Przejdź do treści
Reklama
Reklama
Książki

Fragment książki "Portrety"

  
„Prawdziwy portret nie istnieje. Wszystkie są oszukańcze” – stwierdził w 1850 roku amerykański pisarz Nataniel Hawthorne. Ta uwaga dotyczyła malarstwa, ale problem relacji pomiędzy modelem a jego wizerunkiem okazał się nie tylko zmartwieniem mistrzów pędzla czy dłuta ale też fotografów. Toteż wszyscy ci, którzy sięgali po aparat, by w poważnych zamiarach rejestrować oblicza innych, zawsze musieli odpowiedzieć sobie na pytanie: co pragnę ujawnić, co osiągnąć? 
    


fot. W. Druszcz

I znajdowali na te pytania różne odpowiedzi, decydując się – w zależności od temperamentu - na portret obyczajowy, psychologiczny, środowiskowy, naturalistyczny, estetyzujący lub jakikolwiek inny.
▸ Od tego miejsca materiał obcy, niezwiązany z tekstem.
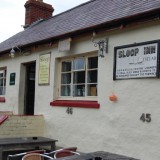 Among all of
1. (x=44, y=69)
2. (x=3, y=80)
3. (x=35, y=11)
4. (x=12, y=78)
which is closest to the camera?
(x=44, y=69)

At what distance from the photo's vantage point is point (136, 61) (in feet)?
24.2

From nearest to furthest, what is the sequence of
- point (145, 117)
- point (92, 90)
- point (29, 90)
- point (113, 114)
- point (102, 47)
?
point (145, 117) → point (113, 114) → point (102, 47) → point (92, 90) → point (29, 90)

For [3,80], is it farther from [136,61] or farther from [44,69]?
[136,61]

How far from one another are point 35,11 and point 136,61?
1077 centimetres

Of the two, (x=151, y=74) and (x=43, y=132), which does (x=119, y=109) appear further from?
(x=43, y=132)

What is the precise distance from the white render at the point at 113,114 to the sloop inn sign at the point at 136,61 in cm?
12

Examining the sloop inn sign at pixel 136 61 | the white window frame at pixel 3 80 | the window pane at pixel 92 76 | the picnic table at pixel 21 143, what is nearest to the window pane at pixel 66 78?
the window pane at pixel 92 76

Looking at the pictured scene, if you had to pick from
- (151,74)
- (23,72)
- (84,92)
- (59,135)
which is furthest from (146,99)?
(23,72)

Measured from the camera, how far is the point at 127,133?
7.40 meters

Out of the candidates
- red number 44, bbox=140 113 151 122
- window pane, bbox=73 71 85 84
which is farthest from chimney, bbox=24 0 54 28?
red number 44, bbox=140 113 151 122

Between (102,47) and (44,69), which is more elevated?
(102,47)

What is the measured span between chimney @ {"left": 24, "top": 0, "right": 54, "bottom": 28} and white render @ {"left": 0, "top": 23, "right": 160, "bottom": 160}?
7.10 metres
Długo by wymieniać. To z fascynacji możliwością utrwalenia na zdjęciu wizerunku drugiego człowieka dziś możemy delektować się pracami Man Raya, Arnolda Newmana, Diane Arbus, Gottfried Helnwein, Annie Leibovitz i wielu innych. Jak bardzo się między sobą różnią, choć bohaterem wszystkich jest człowiek. 
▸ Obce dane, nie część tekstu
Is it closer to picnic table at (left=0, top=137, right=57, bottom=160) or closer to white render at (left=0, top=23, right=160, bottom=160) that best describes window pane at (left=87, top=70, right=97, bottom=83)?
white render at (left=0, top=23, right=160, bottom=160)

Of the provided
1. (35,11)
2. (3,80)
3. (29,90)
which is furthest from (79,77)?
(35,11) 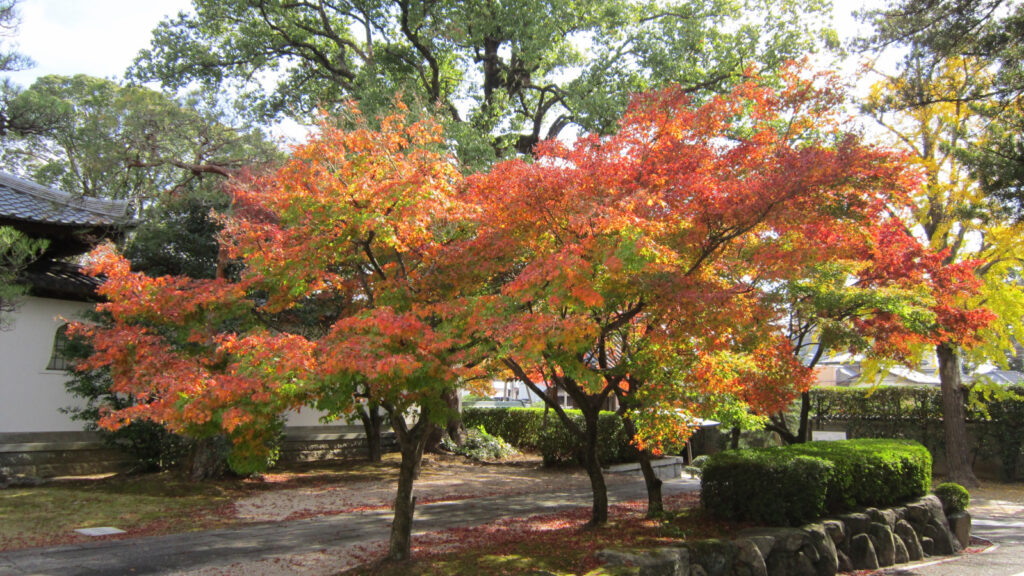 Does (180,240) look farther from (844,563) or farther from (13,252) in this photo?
(844,563)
Wydaje się, że w fotografii portretowej wymyślono już wszystko. Jak więc szukać własnej, oryginalnej drogi? Zawsze istnieje pokusa, by „uciekać do przodu”, by się wyróżnić, by szukać nowych, choćby ekstremalnych rozwiązań formalnych, szokować, zaskakiwać, epatować. By stać się portrecistą arcysymbolistycznym, superpsychologicznym, hiperekspesyjnym itd. itp. Wojciech Druszcz wybrał odwrotną drogę. Mniej efektowną, na pewno trudniejszą, za to wiarygodną: spokojnego szukania prawdy w okamgnieniu.

Nie przebiera swych modeli w kostiumy, nie przydaje im atrybutów, nie próbuje wpisać w oczywiste skojarzenia.